We are seeking an experienced GPU Engineer with a strong background in Python and large-scale model training. In this role you will design and implement improvements to our large scale training infrastructure and directly help make technical decisions to optimise our models' training performance and efficiency.
Ideal Experience
Strong engineering skills with fluency in Python and PyTorch or other acceleration libraries.
Experience writing and debugging low-level GPU code (CUDA, Triton) and debugging hardware errors.
Experienced in scaling up GPU jobs via large-scale compute clusters using Slurm or Kubernetes.
Preferred: knowledge of advanced filesystems, particularly Ceph, and their integration and optimization in large systems.

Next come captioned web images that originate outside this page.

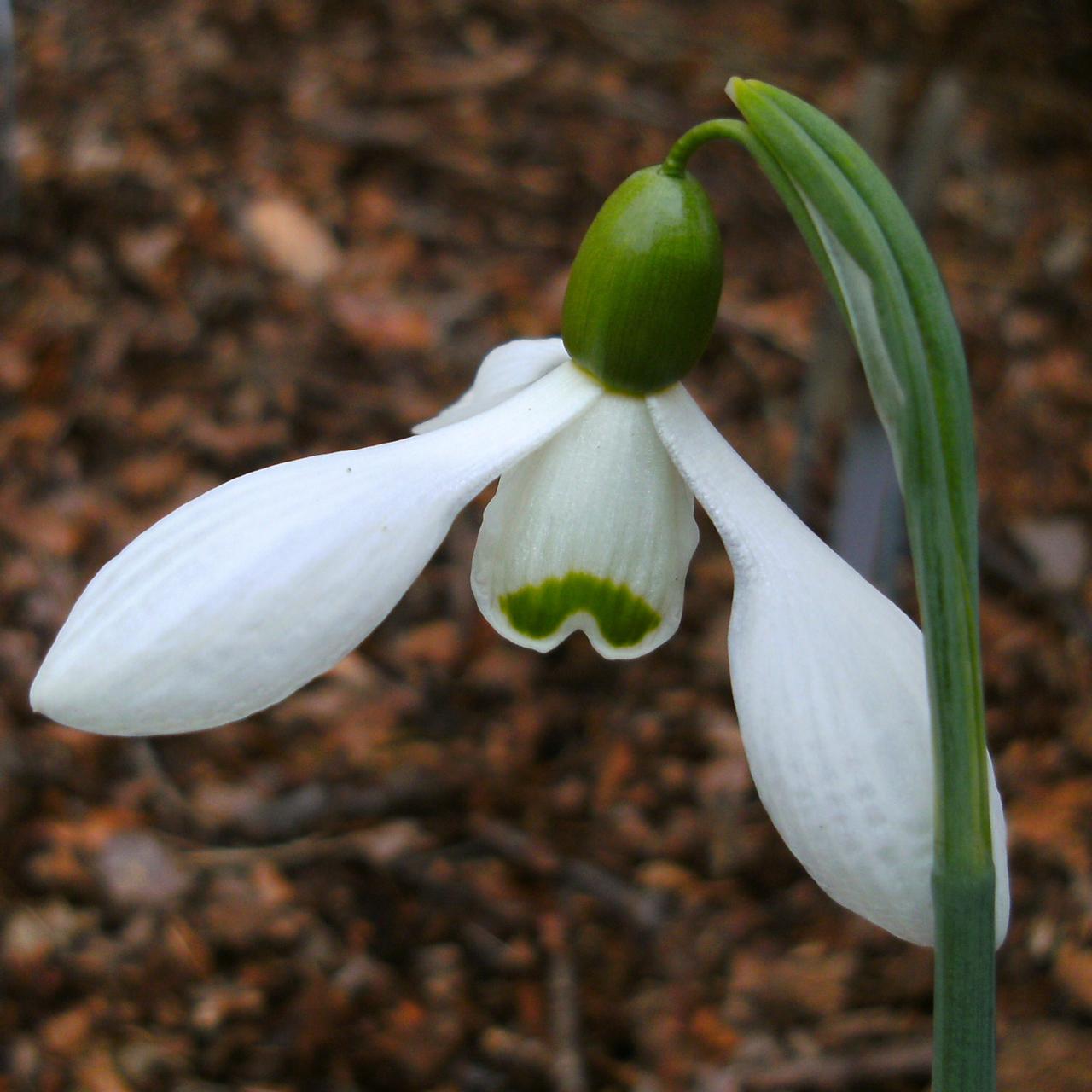 Galanthus 'Anne of Geierstein' plant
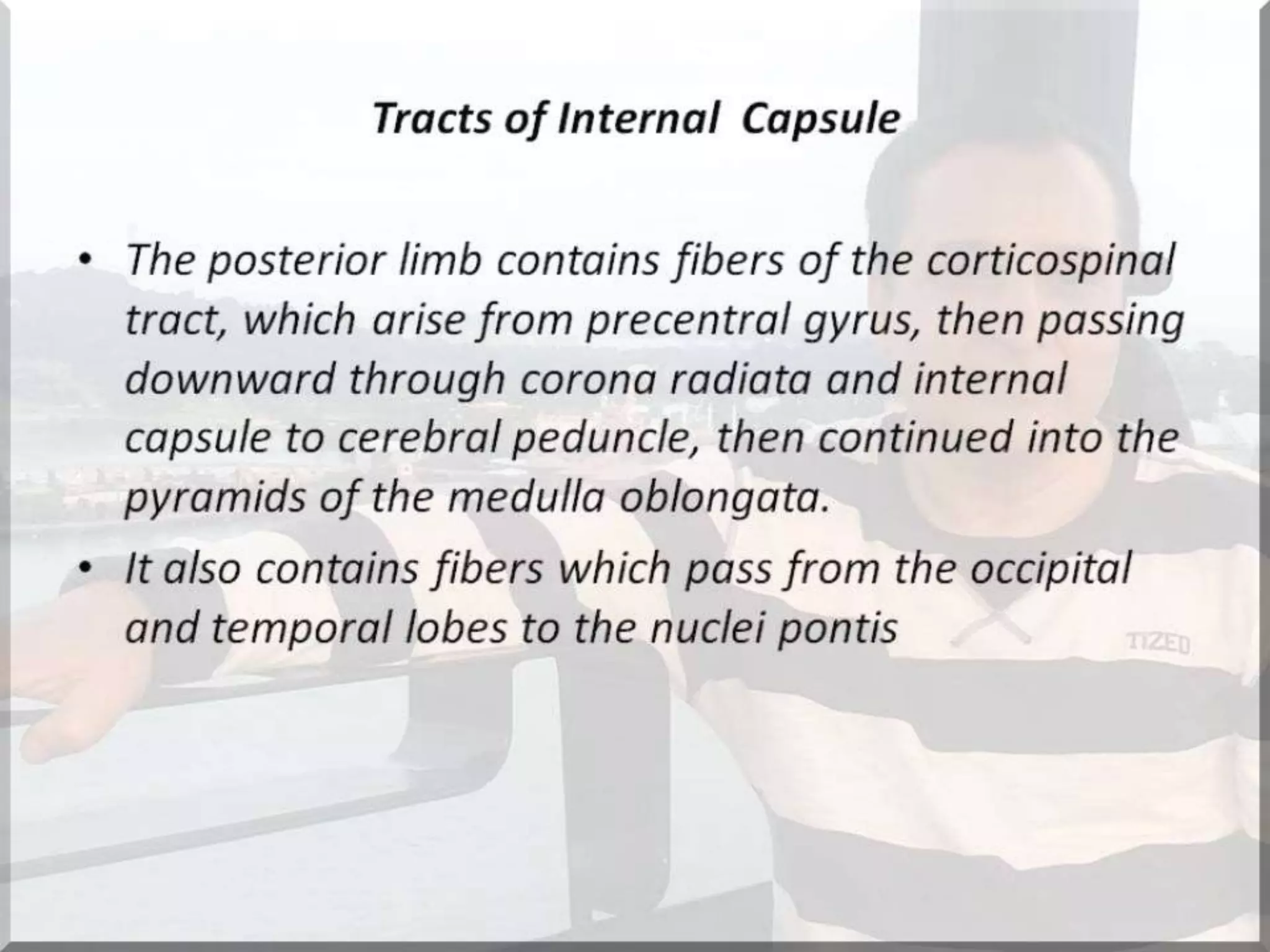 Localization of brainstem lesion by Prof Dr Bashir Ahmed Dar Sopore Kashmir
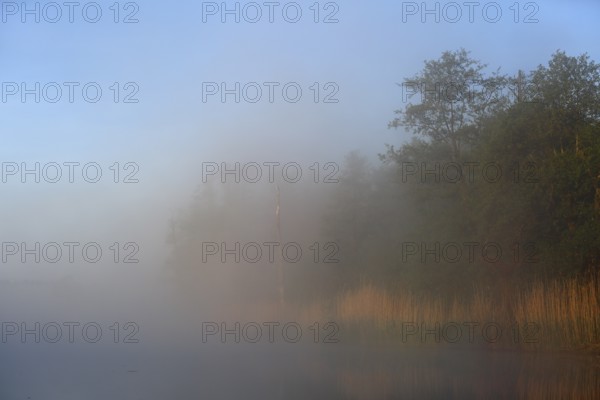 Foggy morning at the lake with rising sun, Peenetal nature park Park, Mecklenburg-Western Pomerania, Germany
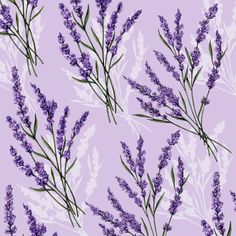 lavender flowers on a purple background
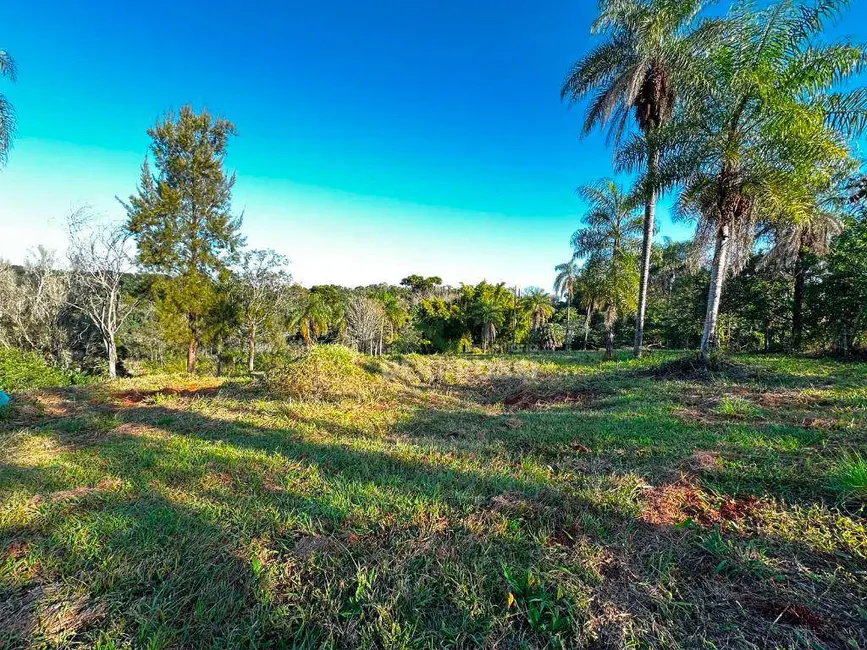 Chácara à venda, 48400m2 em Gleba Fazenda Palhano, Londrina - PR - imagem 8 Foto 8 de Chácara à venda, 48400m2 em Gleba Fazenda Palhano, Londrina - PR
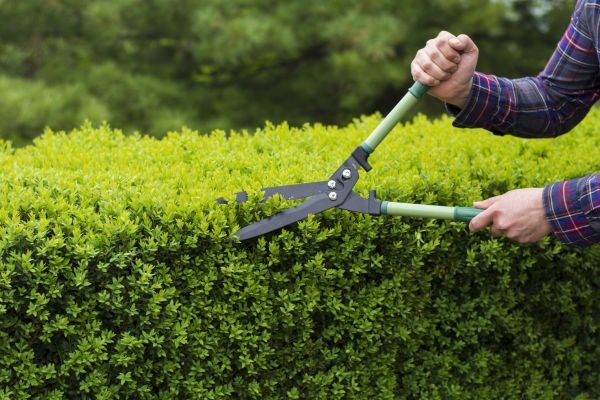 Cost of Evergreen Shrub Pruning in Battle Ground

Preferred: proficient in implementing robust monitoring systems for performance tracking and anomaly detection.
Why Reka?
Reka's mission is to build useful multimodal artificial intelligence and use it to empower organisations and businesses. We are a globally distributed foundation model startup, headquartered in the San Francisco Bay Area, California. Embracing a remote-first approach, our team brings together top talent from around the world. Our founding team, along with many of our team members, has contributed to many of the breakthroughs in AI over the past decade.
Opportunity to work with a collaborative mission-driven team on cutting-edge AI technology.
Open and inclusive work environment.
4 weeks paid leave.
Visa support (such as H1B and OPT transfer for US Employees).
Healthcare benefits, including vision and dental.